Pope Francis declares Mother Teresa a Saint and model of Jubilee Year of Mercy
Mother Teresa experienced a “dark night of the soul”, a period of spiritual doubt, loneliness and despair. Tens of thousands of pilgrims both poor rich flocked to St Peter’ Square today for canonisation of Mother Teresa, the small nun who cared for the world’s most destitute and became an icon of a Catholic Church. Pope Francis declared her a saint at a morning Mass, making her model of his Jubilee Year of Mercy and his entire papacy.

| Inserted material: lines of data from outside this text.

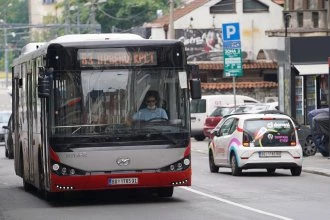 PROMENE U REŽIMU SAOBRAĆAJA: Zbog radova u Glavnoj ulici vozila gradskog prevoza idu izmenjenom trasom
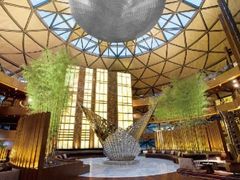 -上海滴水湖皇冠假日酒店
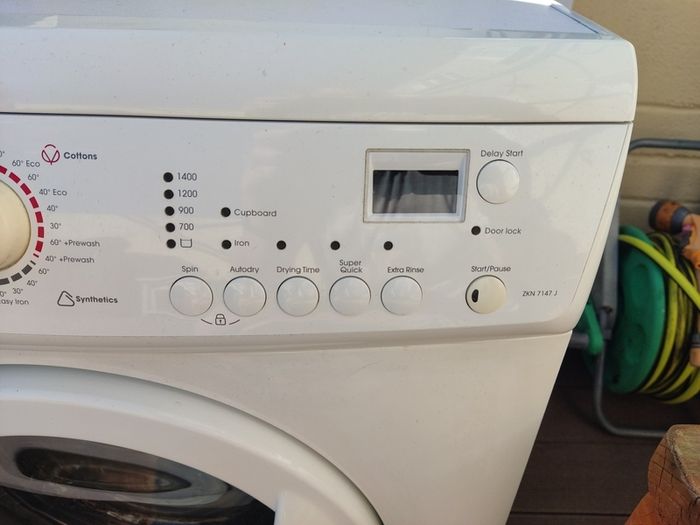 Zanussi ZKN 7147 J Washer Dryer Machine Parts
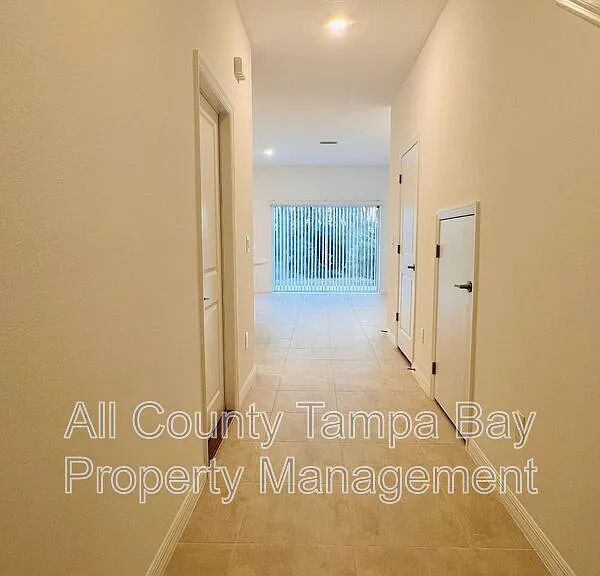 2187 Hallier Cv — Photo 2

Mother Theresa put into action his ideal of the church as a merciful “Field Hospital” for the poorest of the poor, those suffering both material and spiritual poverty. Pilgrims from around the world prayed at vigils in churches and flocked before dawn to the Vatican to attend the mass being celebrated under hot sun and blue skies, to honour a woman given India’s highest civilian and humanitarian awards for her work in the slums of Kolkata. Thirteen heads of state and government led official delegations and 1500 homeless people invited by Pope Francis had VIP seats and were treated to a Neapolitan Pizza lunch in the Vatican auditorium. Pope Francis recognised holiness in a nun who lived most of her adult life in spiritual agony sensing that God had abandoned her. She died in 1997, and her case lasted for nearly fifty years – an almost unheard of trial.